Travel, as is will be used here, is not referred to only as an equivalent of tourism or leisure travel but does also embrace a variety of forms of displacement: exploration, expatriation, exile, homelessness, and immigration, to name a few. This discourse on displacement includes (and refers to) a concept of placement, dwelling, location, or position. There are plenty of metaphors within postmodern discourse on displacement: exile, tourism, diaspora, nomadism. In this context, a journey does not merely mean a physical dislocation, the concept also includes travels in mind and experiences of liminality. Travel as a metaphor relates to a change in the position of the speaker.
There are different forms of travel which will be discussed briefly, followed by a section on tourism as a special but very significant form of modern travel. Travel literature has developed as a particular genre (but differentiated by languages of the authors/travelers) which shaped the view of the readers/the people "at home" on the foreign places the authors/travelers wrote about/traveled to.

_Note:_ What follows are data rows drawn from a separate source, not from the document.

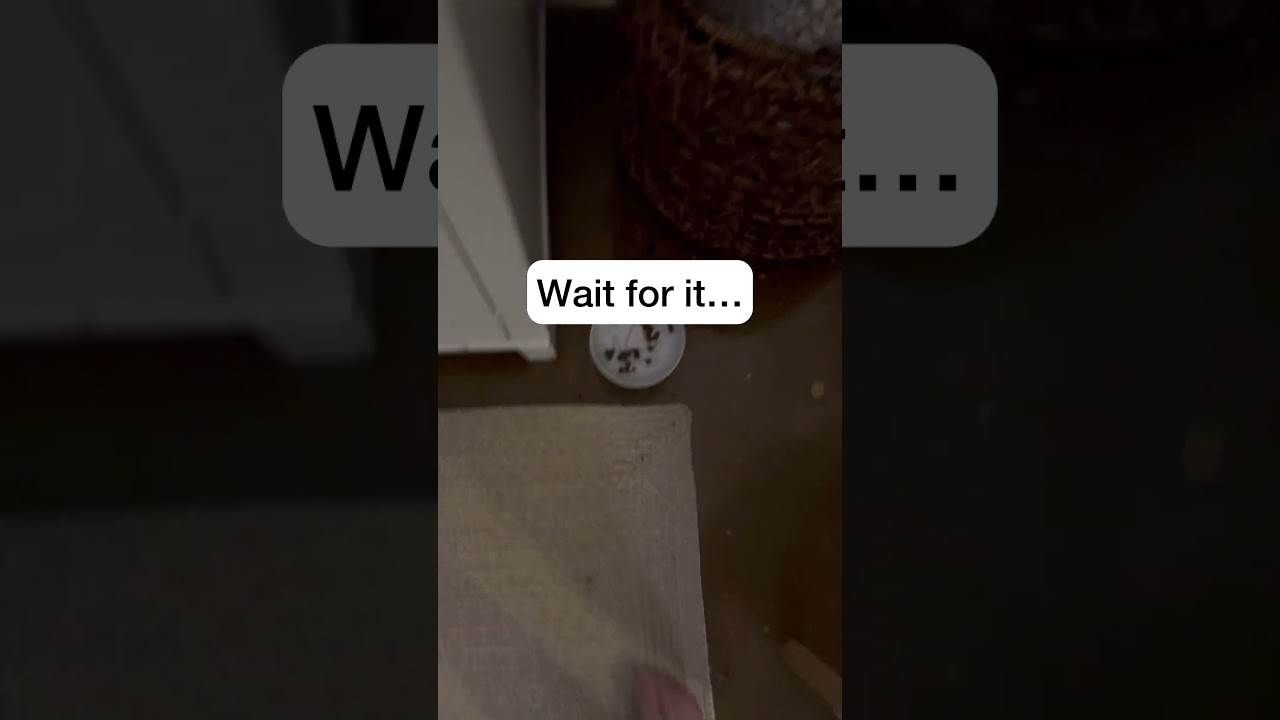 I just got outsmarted by my cat 🤦‍♀️🤣 #catmanjohn #fluentpet #theycantalk #hunger4words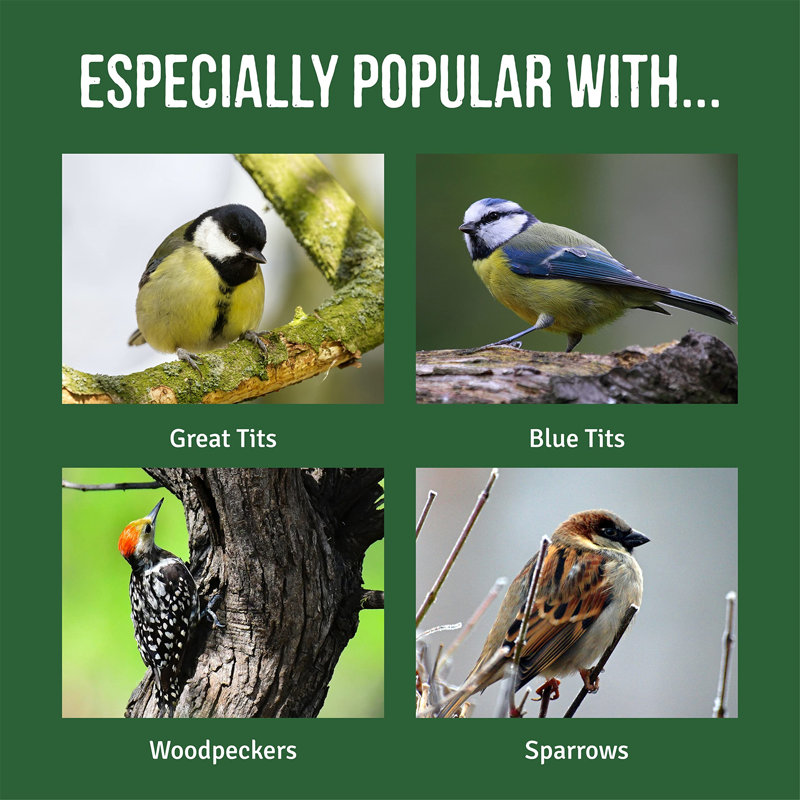 Hahn Tube Bird Feeder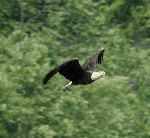Adult bald eagle in flight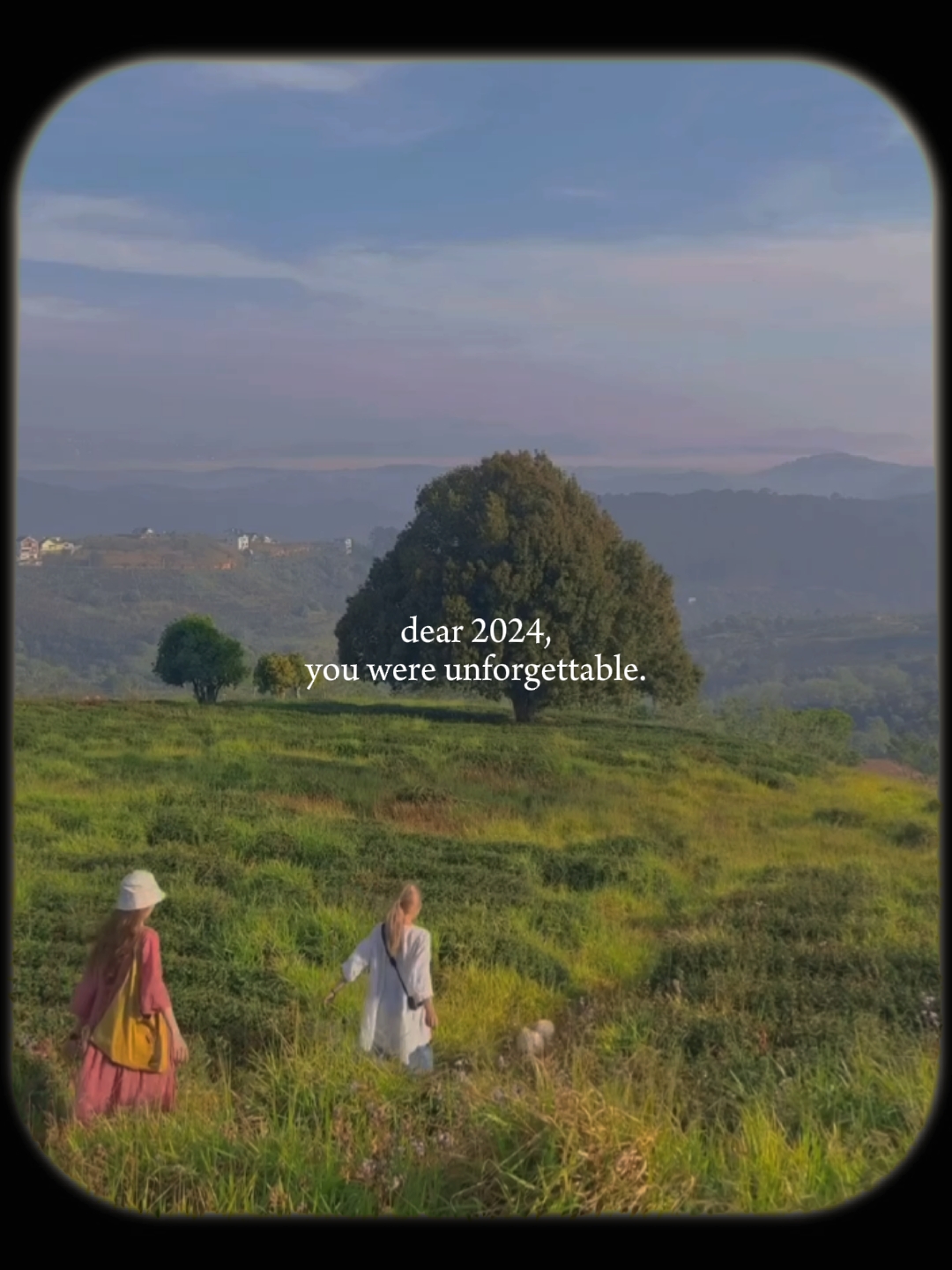 Querido 2024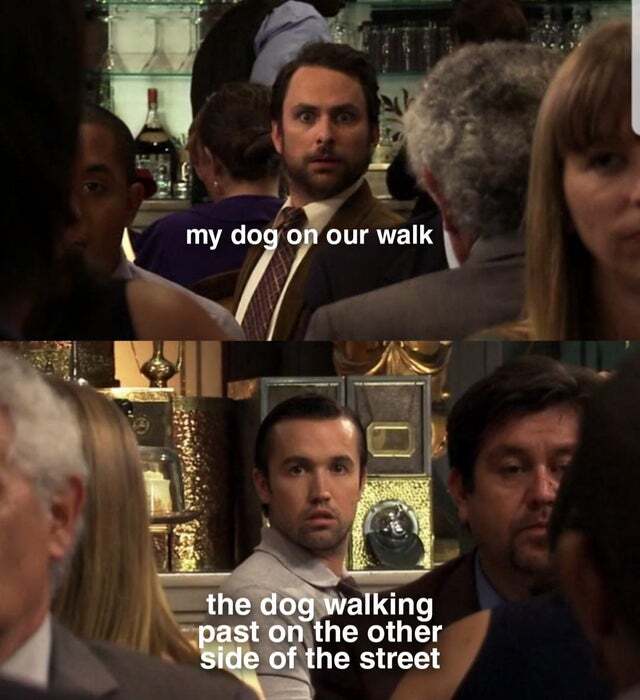 preciousdoggo's tweet photo. Alright, alright.... too much internet for Today 😂 🐶
Time to call it a day and hopefully this was an amazing day and you had a blast 🤓 🐶
Anyways, give a hug to your doggo ❤️
#dogs #dog #doggo #doglife #dogowners #doglovers #sleep #timetobed #tired #duo #dogsoftwitter https://t.co/3Ri9mflRpK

The reasons for traveling are manifold and will be touched upon in this chapter only superficially - there will be a closer examination at a later point. As Clifford notes, travel as a concept is not free of various connotations: it is typically related to (and also very often criticized as) a history of European, literary, male, bourgeois, scientific, heroic, recreational, meanings and practices. But this first world perspective may be changed through a shift in the position of the speaker.